Any picture in the entries is to be skipped, while everything else is transcribed word for word.

○ ○ ○ ○ ○

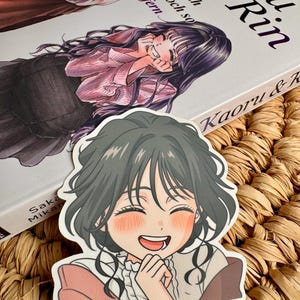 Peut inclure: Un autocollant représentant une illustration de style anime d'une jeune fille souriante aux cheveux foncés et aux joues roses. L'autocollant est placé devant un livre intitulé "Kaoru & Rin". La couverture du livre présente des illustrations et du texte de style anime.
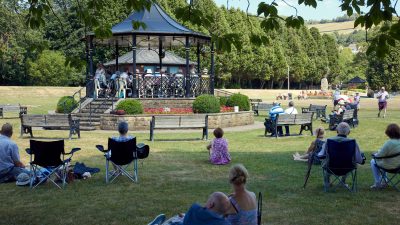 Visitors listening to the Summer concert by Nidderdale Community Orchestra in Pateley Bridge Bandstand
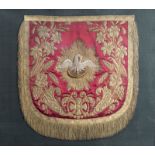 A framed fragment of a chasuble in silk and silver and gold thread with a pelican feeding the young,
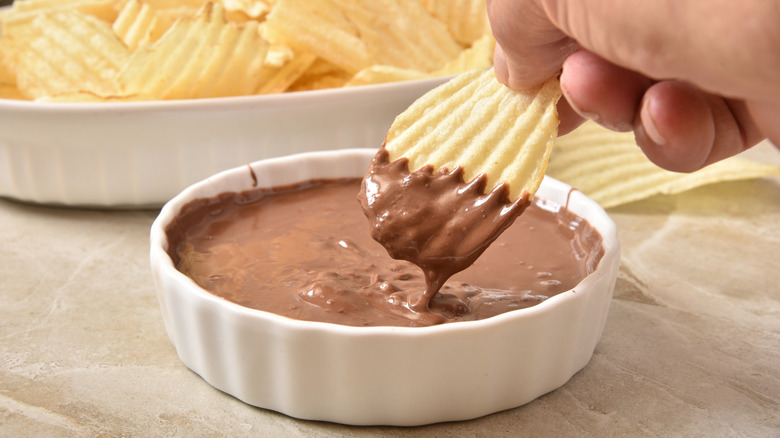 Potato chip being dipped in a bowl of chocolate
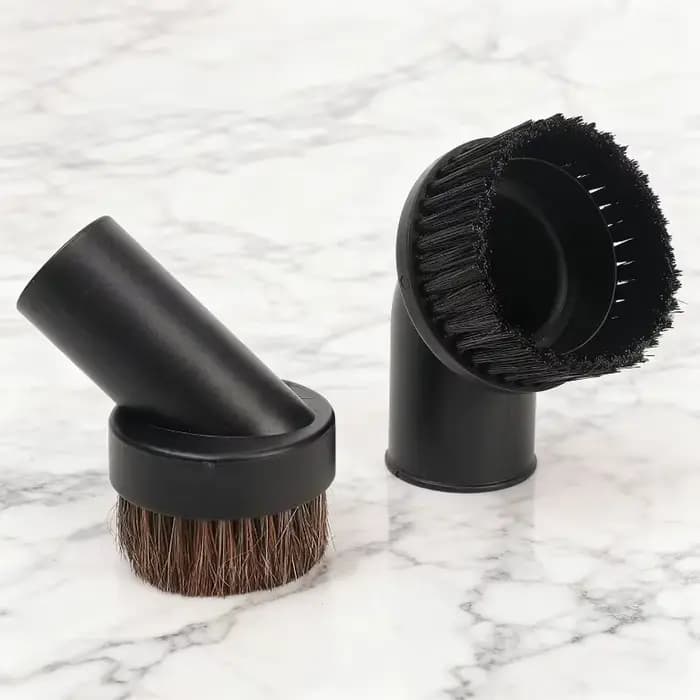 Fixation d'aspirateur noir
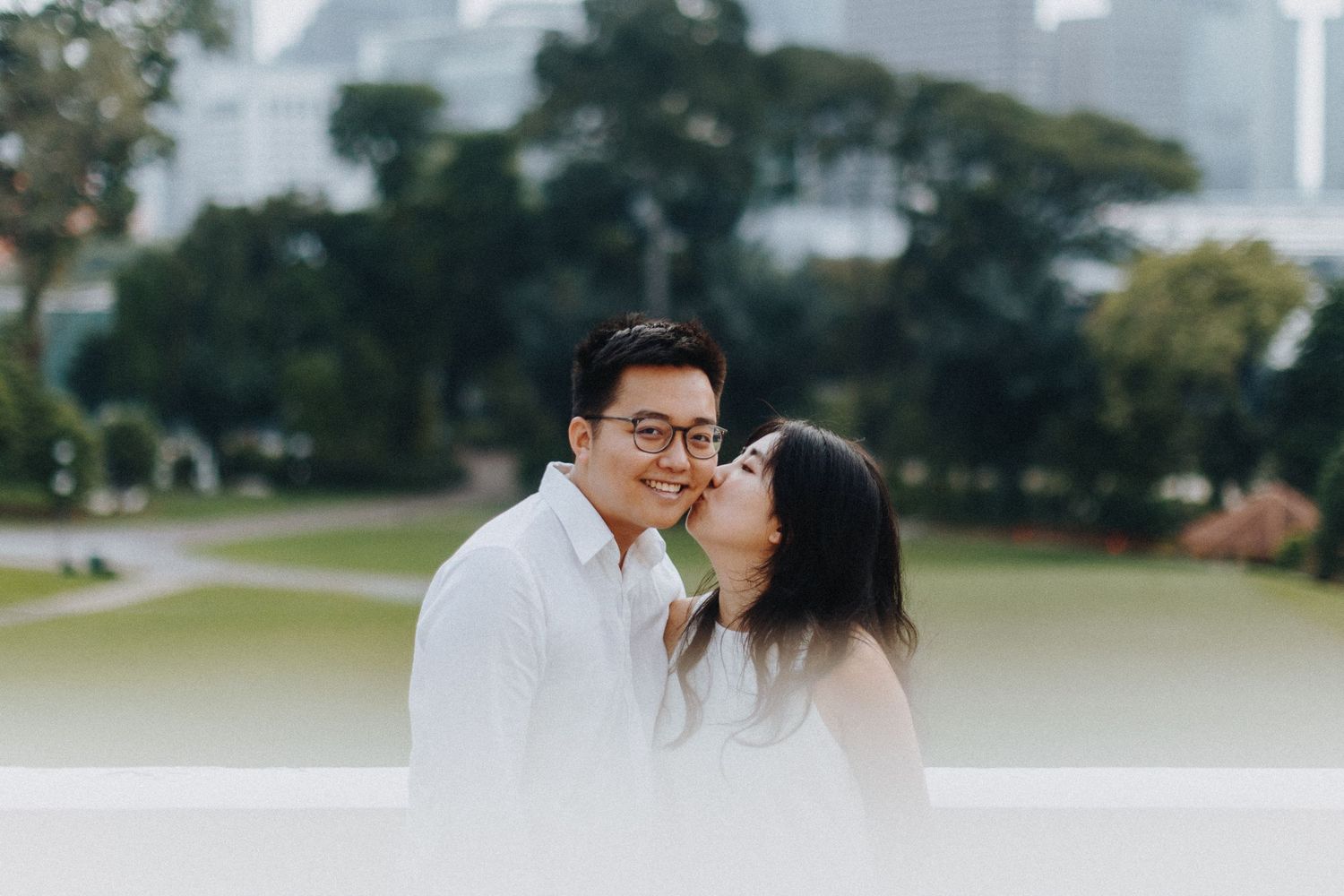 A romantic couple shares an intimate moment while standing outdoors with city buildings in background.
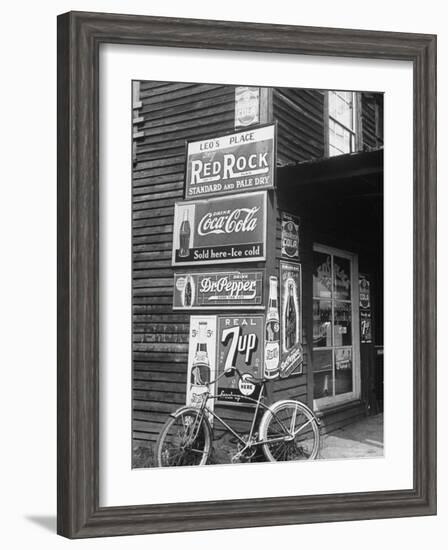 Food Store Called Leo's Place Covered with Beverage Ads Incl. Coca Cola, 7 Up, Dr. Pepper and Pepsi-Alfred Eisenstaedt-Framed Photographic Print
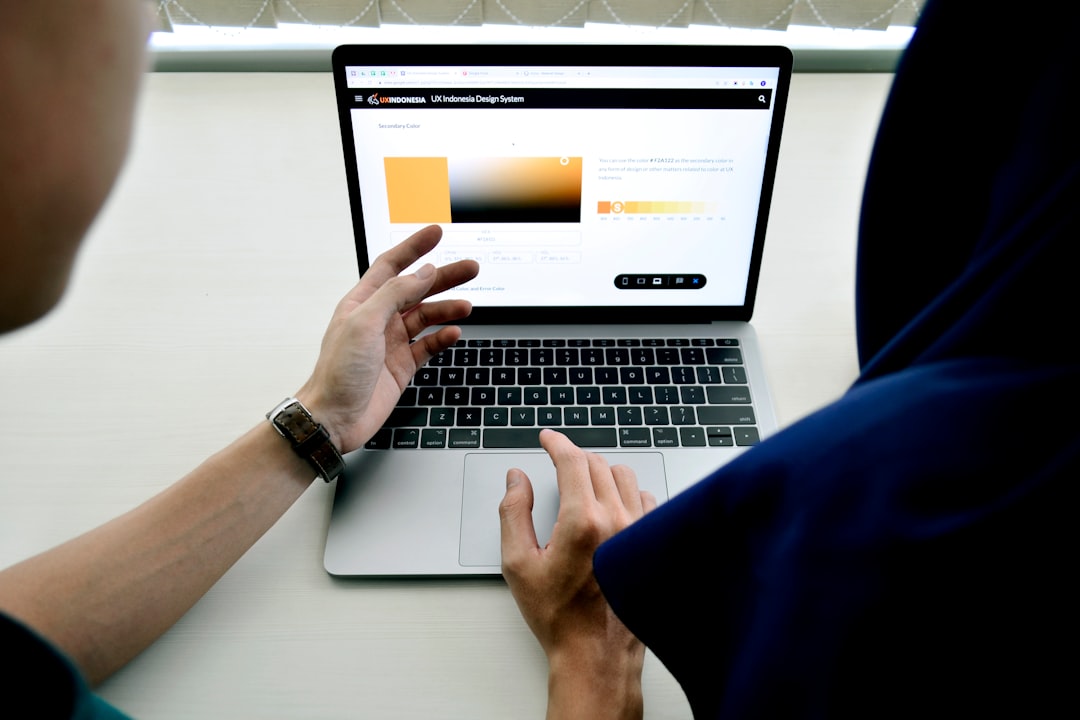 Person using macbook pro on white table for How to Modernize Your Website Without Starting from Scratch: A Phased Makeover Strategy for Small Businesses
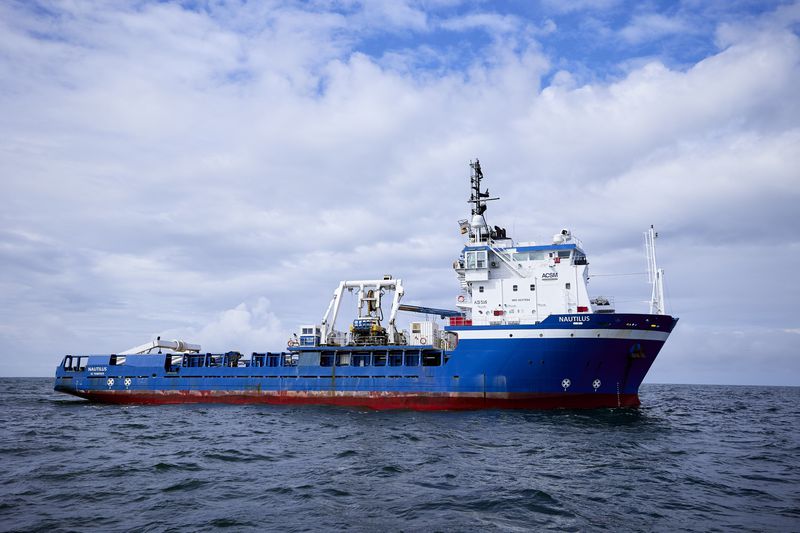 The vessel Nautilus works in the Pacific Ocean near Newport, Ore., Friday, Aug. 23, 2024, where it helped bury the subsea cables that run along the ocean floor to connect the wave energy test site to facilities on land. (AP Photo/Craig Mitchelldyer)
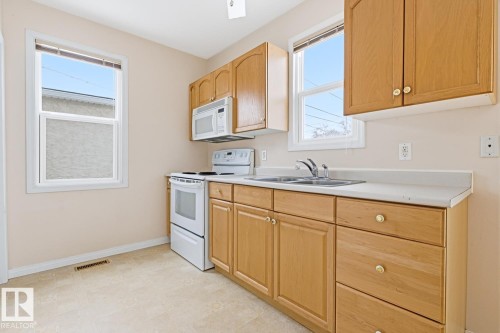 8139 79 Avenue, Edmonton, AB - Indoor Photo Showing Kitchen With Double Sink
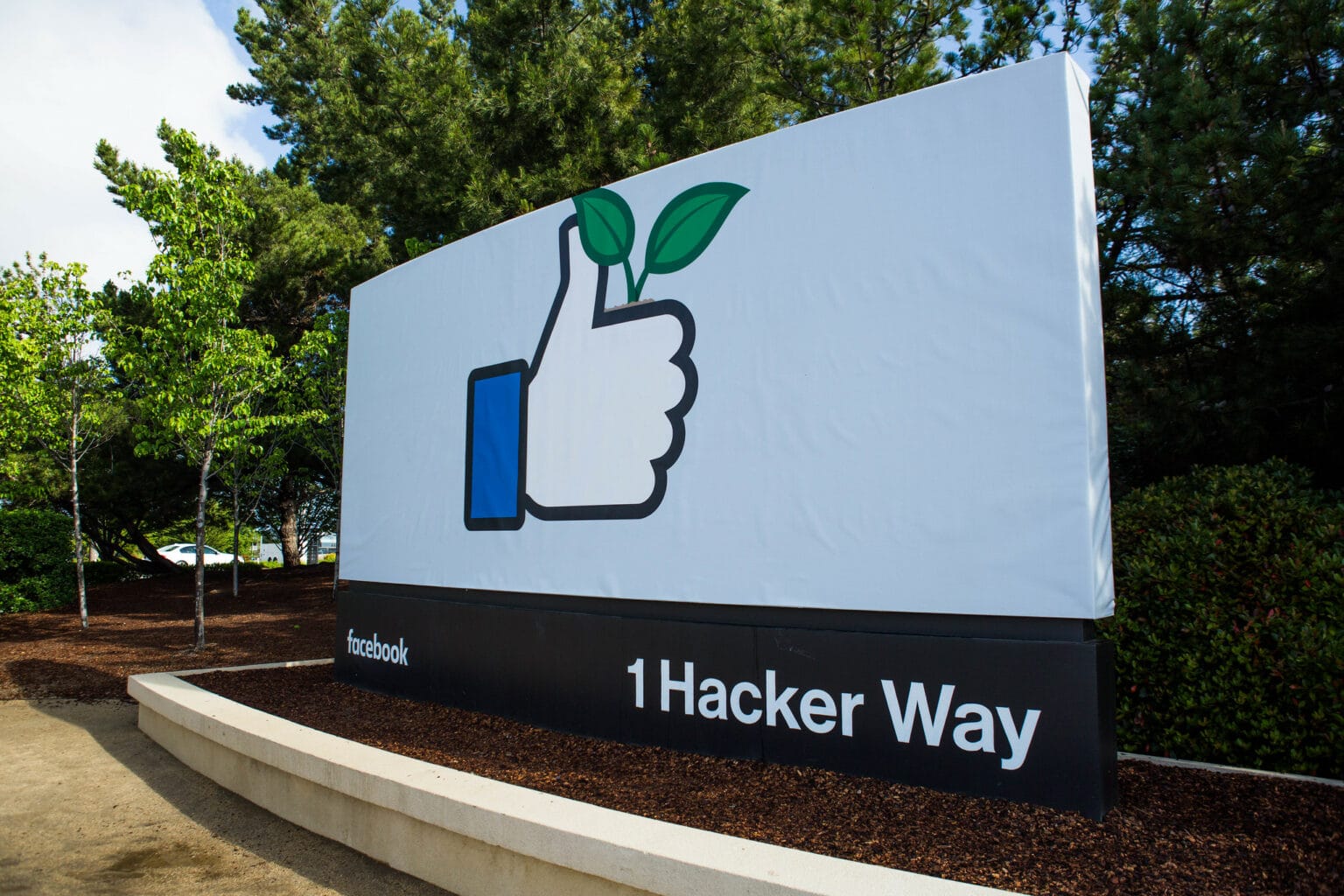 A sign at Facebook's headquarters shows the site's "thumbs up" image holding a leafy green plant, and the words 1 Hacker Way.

○ ○ ○ ○ ○

ANSWER TO THIS TASK
 Peut inclure: Un autocollant représentant une illustration de style anime d'une jeune fille souriante aux cheveux foncés et aux joues roses. L'autocollant est placé devant un livre intitulé "Kaoru & Rin". La couverture du livre présente des illustrations et du texte de style anime.
 Visitors listening to the Summer concert by Nidderdale Community Orchestra in Pateley Bridge Bandstand
 A framed fragment of a chasuble in silk and silver and gold thread with a pelican feeding the young,
 Potato chip being dipped in a bowl of chocolate
 Fixation d'aspirateur noir
 A romantic couple shares an intimate moment while standing outdoors with city buildings in background.
 Food Store Called Leo's Place Covered with Beverage Ads Incl. Coca Cola, 7 Up, Dr. Pepper and Pepsi-Alfred Eisenstaedt-Framed Photographic Print
 Person using macbook pro on white table for How to Modernize Your Website Without Starting from Scratch: A Phased Makeover Strategy for Small Businesses
 The vessel Nautilus works in the Pacific Ocean near Newport, Ore., Friday, Aug. 23, 2024, where it helped bury the subsea cables that run along the ocean floor to connect the wave energy test site to facilities on land. (AP Photo/Craig Mitchelldyer)
 8139 79 Avenue, Edmonton, AB - Indoor Photo Showing Kitchen With Double Sink
 A sign at Facebook's headquarters shows the site's "thumbs up" image holding a leafy green plant, and the words 1 Hacker Way.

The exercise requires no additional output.